From the north, hemp, as well as roof decking, are covered with moss, fungus or lichen more intensely than on the other sides.

No. 14: In the snow

Snow melts faster on the southern slopes. It is also possible to adjust the movement in azimuth in winter or spring by the texture of the upper layer of snow: the looser one lies near the northern part of a separately growing tree. From the south, it is covered with ice more quickly, since the sun's rays fall on it, the snow melts and turns into ice at night.

No. 15: By stones

On the north side, the stones are more abundantly covered with moss and fungi.

No. 16: By the Birds

Migratory birds go north in spring and south in autumn.

No. 17: By soil

If in summer the soil near buildings, large boulders, trees and bushes is wet to the touch, then the side is north. If it is absolutely dry, then this is the south. In the early morning and late evening, the method is useless due to the dew produced.

No. 18: On the grass

In summer, the northern outskirts of the meadows have greener and more juicy grass than the southern ones, since they are in the shade and do not fade in the sun.

No. 19: By buildings

Azimuth movement can be carried out in churches, synagogues, chapels, mosques or other religious buildings, since they are strictly oriented to the parts of the world. The upper part of the diagonal crossbar of the Cross, located on the dome of the Orthodox Church, points to the north, respectively, the lower part to the south. The altar of the Catholic Church is located at the western wall, and the altar in the Lutheran Church is located in the east. The main doors of Buddhist monasteries are located in the south, while synagogues and mosques are in the north.

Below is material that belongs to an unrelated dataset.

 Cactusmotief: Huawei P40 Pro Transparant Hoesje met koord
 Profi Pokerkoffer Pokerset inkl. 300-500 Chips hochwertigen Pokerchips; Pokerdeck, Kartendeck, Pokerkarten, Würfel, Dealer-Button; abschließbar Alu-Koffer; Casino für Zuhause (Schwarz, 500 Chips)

In old villages, houses were built with living rooms closer to the southeast, and there are more windows on such sides. In addition, paint will fade and peel off faster on southern walls.

The entrance to the yurt is more often organized from the south, so that less frosty wind gets inside the structure.

No. 20: On other grounds

In forest clearings, rectangular pillars are installed, at the top of which there are inscriptions. The edge between the 2 small-numbered faces indicates the north direction.

There are many more ways of orienting on the ground, and in order to correctly determine the azimuth, it is necessary to analyze all the available signs in aggregate. Don't rely on a couple of coincidences. Having determined the route in azimuth, you need to regularly monitor yourself so as not to go astray and go in a circle. When going on a vacation in the wild, you should always carry the most necessary navigational aids and tools with you, even if you are not planning a long hike.